Image-to-LaTeX Converter for Mathematical Formulas and Text

Daniil Gurgurov,Aleksey Morshnev
2024-08-08
Abstract:In this project, we train a vision encoder-decoder model to generate LaTeX code from images of mathematical formulas and text. Utilizing a diverse collection of image-to-LaTeX data, we build two models: a base model with a Swin Transformer encoder and a GPT-2 decoder, trained on machine-generated images, and a fine-tuned version enhanced with Low-Rank Adaptation (LoRA) trained on handwritten formulas. We then compare the BLEU performance of our specialized model on a handwritten test set with other similar models, such as Pix2Text, TexTeller, and Sumen. Through this project, we contribute open-source models for converting images to LaTeX and provide from-scratch code for building these models with distributed training and GPU optimizations.
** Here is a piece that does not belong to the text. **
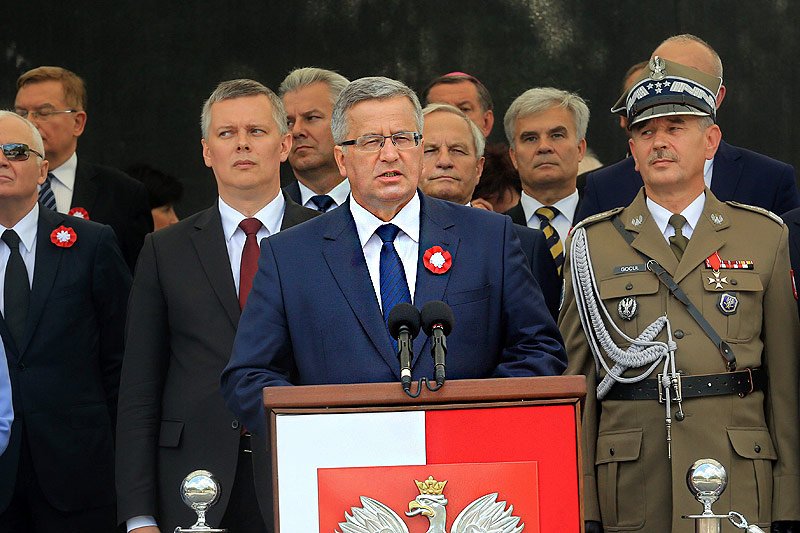 Prezydent Bronisław Komorowski w Święto Wojska Polskiego nie pozostawiał wątpliwości, że bezpieczeństwo Polski dawno nie było tak niepewne.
Computation and Language,Computer Vision and Pattern Recognition
What problem does this paper attempt to address?
The paper aims to develop an image-to-LaTeX converter named Im2Latex, which is used to convert images containing mathematical formulas and text into LaTeX code. The paper mainly addresses the following issues: 1. **Proposed a new image-to-LaTeX conversion method**: The authors utilized an encoder based on Swin Transformer and a GPT-2 decoder to construct a visual encoder-decoder model, achieving effective conversion from images to LaTeX code. 2. **Solved the problem of recognizing complex mathematical formulas**: By adopting Swin Transformer as the encoder, the model can effectively handle images containing complex mathematical formulas, thereby improving recognition accuracy. 3. **Achieved recognition of both printed and handwritten formulas**: First, a base model is trained to handle mathematical formulas in printed images, and then through fine-tuning (using LoRA technology), the model is enabled to recognize handwritten mathematical formulas. 4. **Compared performance with existing models**: The authors compared the proposed model with several similar models (such as Pix2Text, TexTeller, and Sumen) to evaluate its relative performance and robustness in handling handwritten mathematical formulas. 5. **Provided open-source resources**: The authors publicly released their code and pre-trained models to support further research and development in the OCR field, particularly for processing mathematical and scientific documents. In summary, the main goal of this paper is to propose an efficient and accurate image-to-LaTeX conversion method and to validate the effectiveness of the proposed method through experiments.